Exercise: Only the lines below starting at the one that contains "Wall Mural - Cheerful" and ending at the one that contains "6 Pc Vtg Mikasa" are to be reproduced, exactly and with both ends kept.

Records for this task:

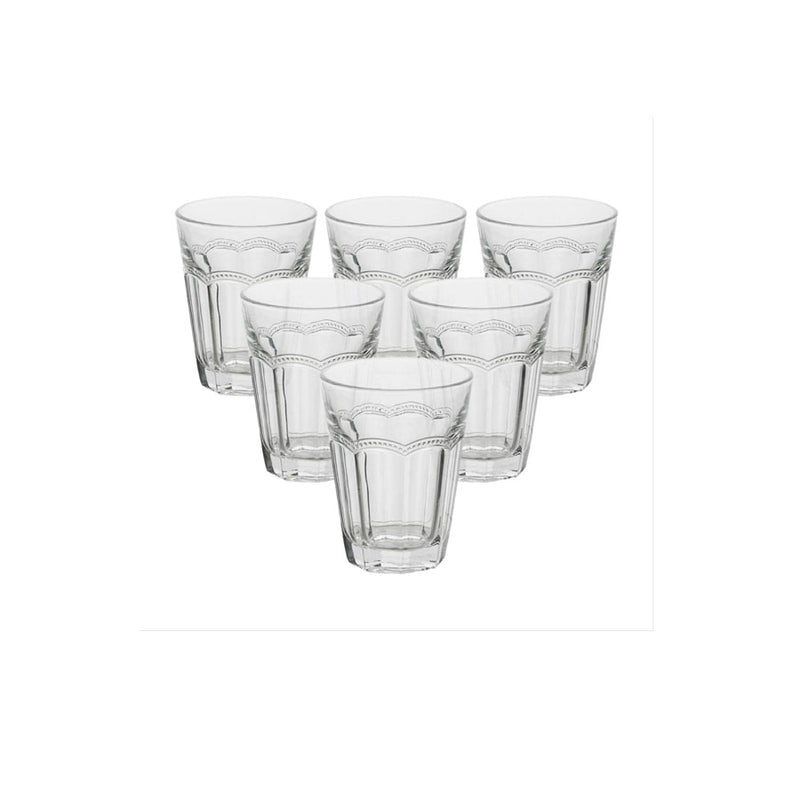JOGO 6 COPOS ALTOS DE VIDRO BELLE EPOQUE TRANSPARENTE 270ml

* * *

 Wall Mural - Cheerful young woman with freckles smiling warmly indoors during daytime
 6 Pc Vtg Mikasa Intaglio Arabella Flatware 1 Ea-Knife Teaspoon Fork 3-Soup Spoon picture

Answer:
 Wall Mural - Cheerful young woman with freckles smiling warmly indoors during daytime
 6 Pc Vtg Mikasa Intaglio Arabella Flatware 1 Ea-Knife Teaspoon Fork 3-Soup Spoon picture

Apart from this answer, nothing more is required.